I also don’t know how exactly TF uses CUDA and if it depends on e.g. conda binaries or your locally installed CUDA toolkit.

Also no, since CUDA 11.0 is quite old by now and you might be running into known and already fixed issues.

The cleanest way would be to update the used code base to be compatible with a newer Python version and then to install the latest (compatible) binaries.
However, I also don’t know what exactly is used that is not supported in Python>=3.8 and how hard it would be to port it over.

I would like to build PyTorch 1.12.1 and 1.13.1 from source for Cuda=11.2 and Ubuntu 22.04 without installing Nvidia Cuda system-wide.

Can I achieve that in conda environment with conda install -c conda-forge cudatoolkit=11.2.2 cudnn=8.1.0 ?

No, as cudatoolkit should only ship the runtime libraries.
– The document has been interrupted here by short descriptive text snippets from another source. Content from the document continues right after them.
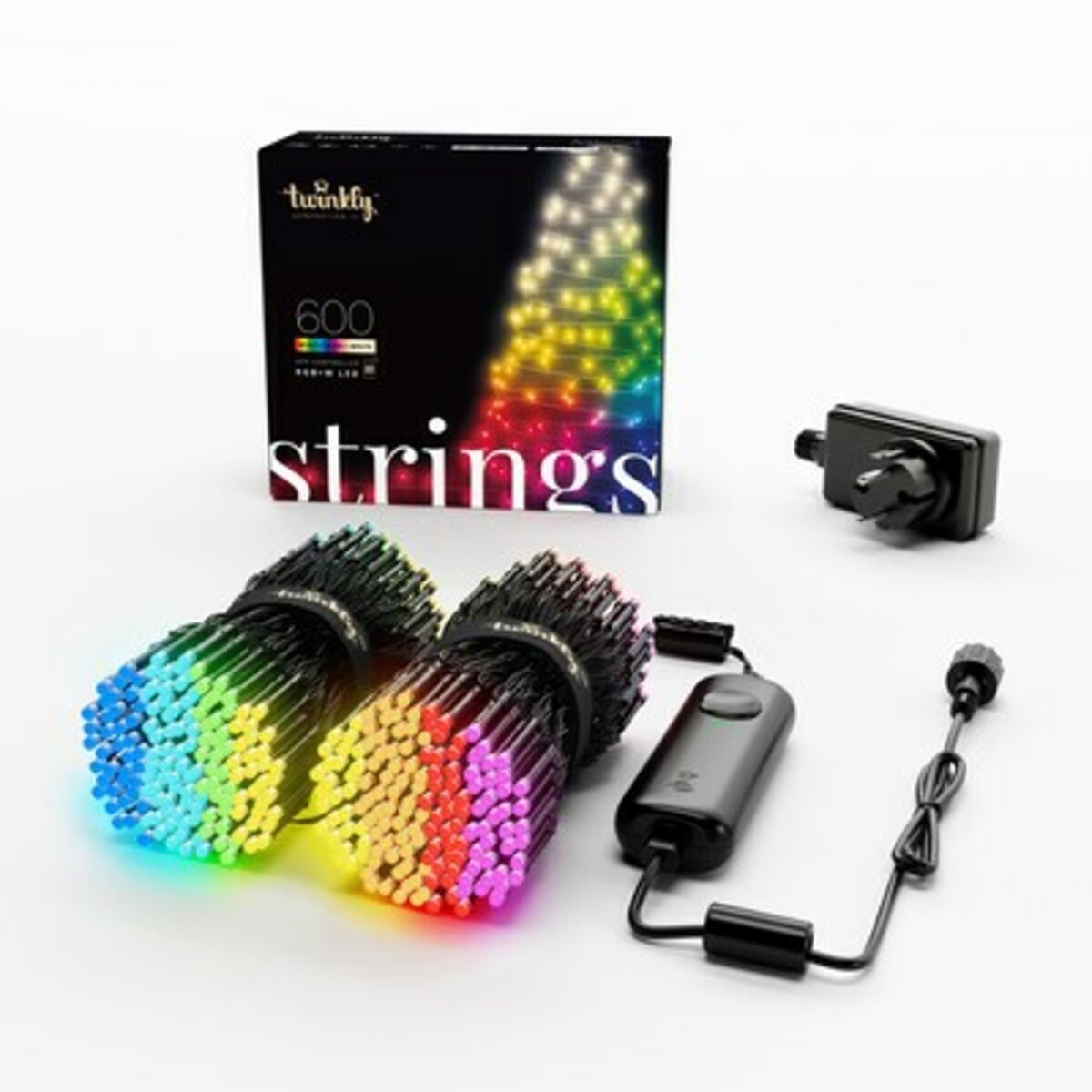 Bild 1 von twinkly Smarte Lichterkette STRINGS mit 600 5mm LED RGBW , Kabel schwarz, 48m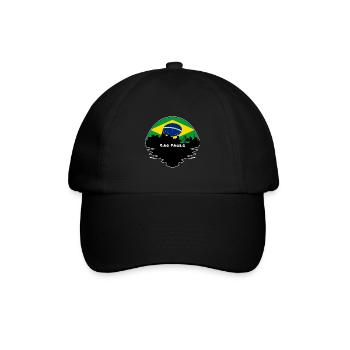 São Paulo Brasilien Flagge Skyline Silhouette Travel - Baseballkappe - Schwarz/Schwarz - Vorne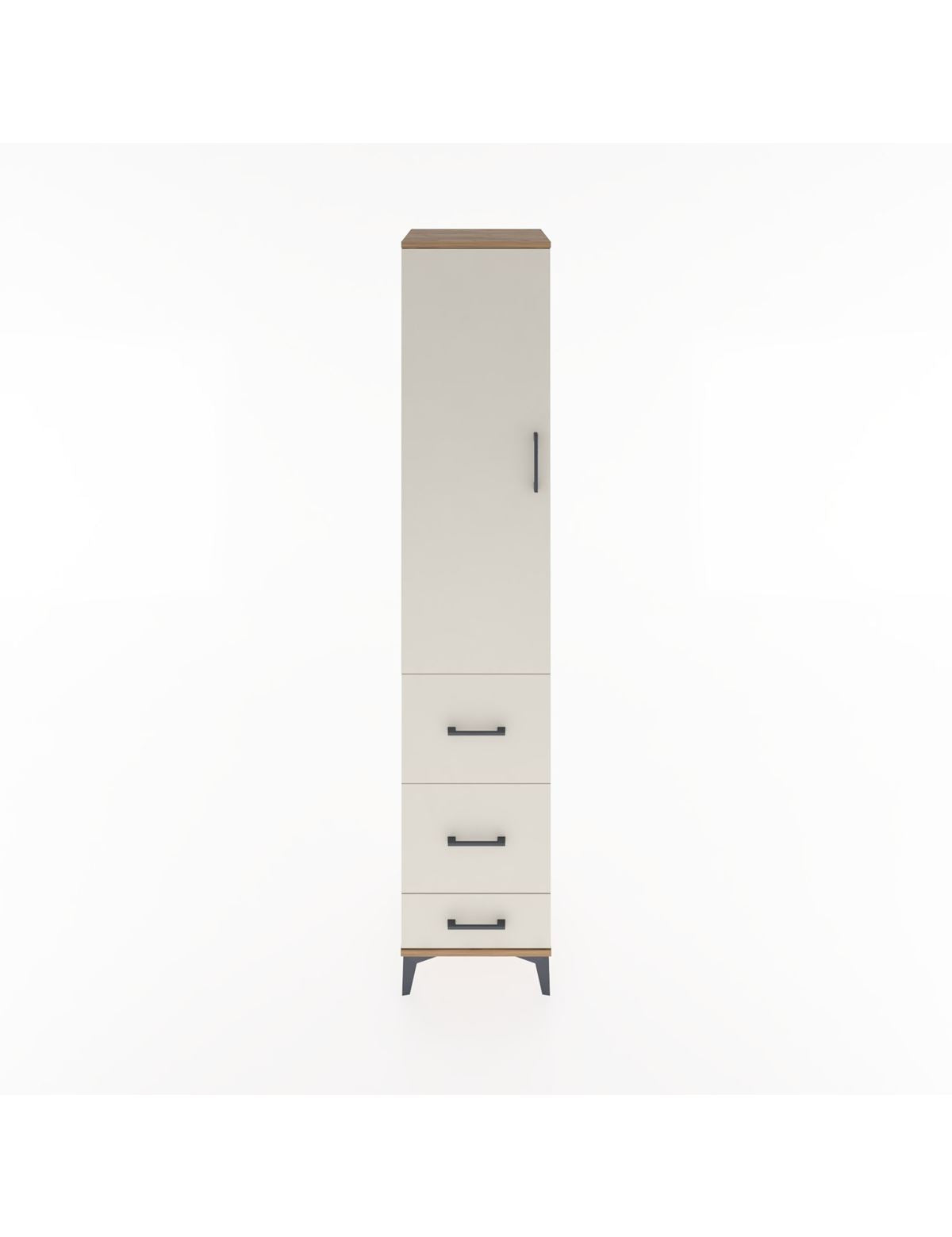 Hyperion Dolap 2 Raflı 3 Çekmeceli Tek Askılı 44x44x221 Çam-Aytaşı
You could search for a CUDA compiler conda package instead, but I don’t have any experience with it as I’m using a locally installed CUDA toolkit for my source builds.

I will, too, install CUDA 11.2 locally. How can I properly select PyTorch (and then torchvision) source which is compatible with Python 3.7 ?
I plan to use the following tutorial (but for Cuda 11.2) Build PyTorch from Source with CUDA 11.8 with Ubuntu 22.04 | by Zhanwen Chen | Medium.

I would probably go through release notes or check the binary names to see when Python 3.7 was used as well as an early CUDA 11 version.

On pytorch website
I see precompiled

So Python 3.7 was supported for versions v1.13.1 and v1.12.1.

git clone --recursive _
cd pytorch
git checkout v1.13.1 (or v1.12.1)

I will be compiling in conda environment with Python=3.7.
So, if I specify v1.13.1 (or v1.12.1) in the above checkout, will it be sufficient to get binaries compiled for Python 3.7 with Cuda 11.2?

I guess so, but eventually you should just try building it.